La victoire a été assurée grâce à l’alliance entre le Parti de la justice et du développement (AKP, islamo-conservateur), au pouvoir, et le Parti d’action nationaliste (MHP, droite nationaliste). Le texte, qui comporte 18 articles, a obtenu 339 voix, soit neuf de plus que la majorité des trois cinquièmes requise pour que la réforme soit soumise à la consultation populaire.
« Notre nation prononcera le dernier mot sur ce sujet. Elle donnera la décision finale », a déclaré le premier ministre, Binali Yildirim, à l’issue du scrutin. « Que personne n’en doute, notre nation prendra (…) la plus juste des décisions. » Et ce dernier d’assurer que le projet profiterait à tous, en permettant un « gain de temps » pour la gestion du pays.
Dérive autoritaire
Cette réforme constitutionnelle permet de transfèrer au président le pouvoir exécutif qui jusque-là appartenait au premier ministre, dont le poste disparaît – une première depuis la fondation de la Turquie moderne par Mustafa Kemal Atatürk, en 1923. Avec la nouvelle Constitution, le chef de l’Etat aura le pouvoir de nommer ou limoger les ministres.

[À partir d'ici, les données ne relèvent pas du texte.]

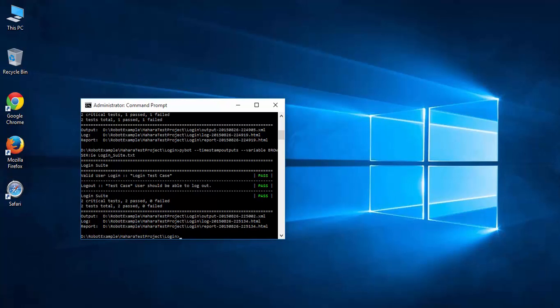When looking at the test result, we see that both login test case and logout test case passed. This means this application is compatible with Firefox, Google Chrome, and Internet Explorer.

Les élections législatives se tiendront désormais en même temps que l’élection présidentielle, tous les cinq ans, contre quatre actuellement. Le nombre de députés passera de 550 à 600.
La Constitution actuelle, votée en 1982, garantit l’indépendance de la justice face à l’exécutif. Si la réforme est définitivement adoptée, le président pourra intervenir directement dans le fonctionnement de la justice. Aux termes de la nouvelle réforme, le président et le Parlement choisiront ensemble quatre membres du Haut Conseil des juges et procureurs, chargé de nommer et de destituer le personnel du système judiciaire. Le Parlement en choisira seul sept membres.
L’opposition (Parti républicain du peuple, CHP) dénonce une dérive autoritaire du pouvoir de Recep Tayyip Erdogan, alors que des purges en série ont suivi le coup d’Etat manqué du 15 juillet 2016. L’AKP justifie de son côté cette évolution vers un régime présidentiel par le besoin de renforcer la Turquie, soumise à la menace terroriste de l’organisation djihadiste Etat islamique et de la rébellion kurde.
Aux termes de la réforme constitutionnelle, le président Erdogan pourrait en théorie briguer deux nouveaux mandats et ainsi se maintenir au pouvoir jusqu’en 2029.